More recently, Iran's press reported that the Iranian air force had received orders to engage any plane that violates Iranian airspace. These reports followed the disclosure that unmanned American drone planes have been monitoring Iranian nuclear sites.
"It is obvious that with Iran surrounded by the United States forces and America pressing the nuclear issue, Iran wants to make a show of force," said a Western diplomat from Tehran, speaking on the condition of anonymity.
Iran's army includes 350,000 active-duty soldiers and 220,000 conscripts.
Its elite Revolutionary Guards number 120,000, many of them draftees. Its navy and air force total 70,000 men.
The armed forces have about 2,000 tanks, 300 combat aircraft, three submarines, hundreds of helicopters and at least a dozen Russian-made Scud missile launchers of the type Saddam Hussein used against Israel during the 1991 Persian Gulf War.
Iran also has an undetermined number of Shahab missiles based on North Korean designs that have ranges of up to 1,500 miles.
But both outside military experts and Iranians concede that the country's antiquated conventional hardware, worn down by years of U.S. and European sanctions, would be little match for the high-tech weaponry of the United States.
"Most of Iran's military equipment is aging or second-rate and much of it is worn," military expert Anthony Cordesman wrote in a December 2004 assessment of Iran's military. He said Iran lost between 50 percent and 60 percent of its military equipment in the Iran-Iraq war, "and it has never had large-scale access to the modern weapons and military technology necessary to replace them."

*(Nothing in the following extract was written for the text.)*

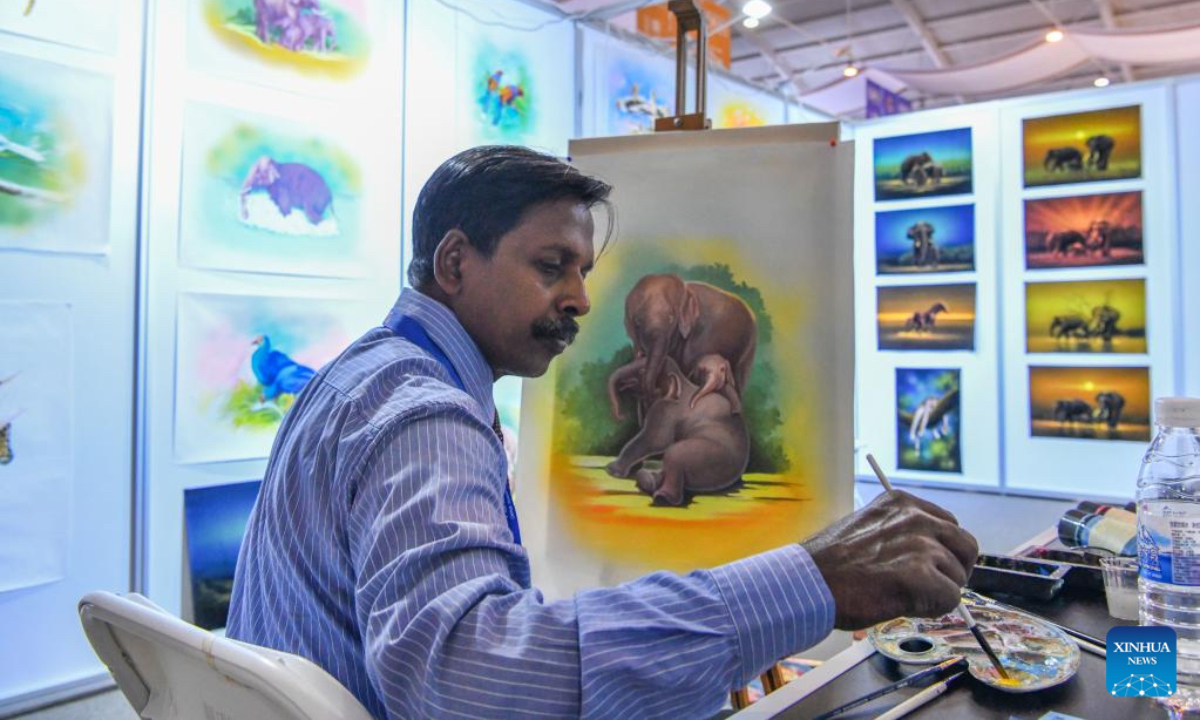 A Sri Lankan exhibitor paints at the South Asia Pavilion during the 8th China-South Asia Expo in Kunming, southwest China's Yunnan Province, July 26, 2024. The 8th China-South Asia Expo runs from July 23 to 28 in Kunming. The expo presents 15 pavilions, including two dedicated to South Asian countries, showcasing a total of approximately 800 booths. (Photo: Xinhua)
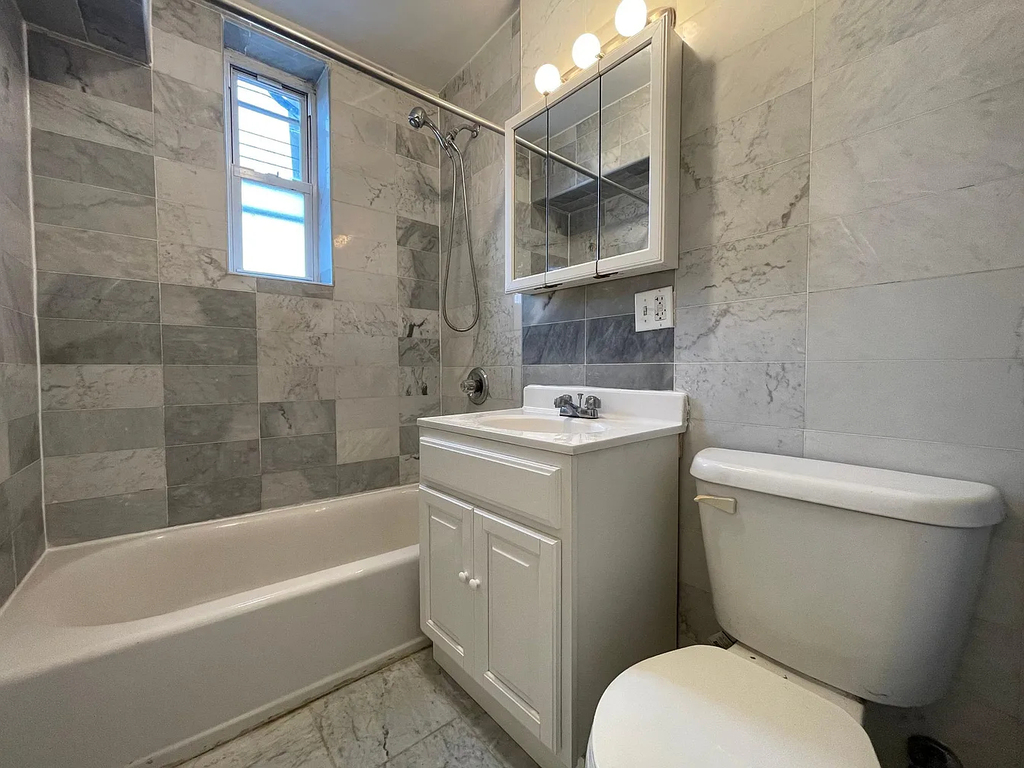 2510 Ocean Parkway - Photo 8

If the Iranians are preparing for asymmetrical warfare that is a pretty good indicator they recognize that they can not win a conventional war. It is likely that within the first week Iran's air force and its heavy infantry equipment would be destroyed. Iran also has to worry about theloyalty of many of its troops in a country where the mullah's in charge are deeply unpopular. While there may be many true believers who want to die for the mullahs, it would be hard for Iran to sustain a long war of attrition since there would be little chance of outside support. Destruction of the Tehran regime would be something of a twofer since it would also cut off a significant source of revenue for the Norks.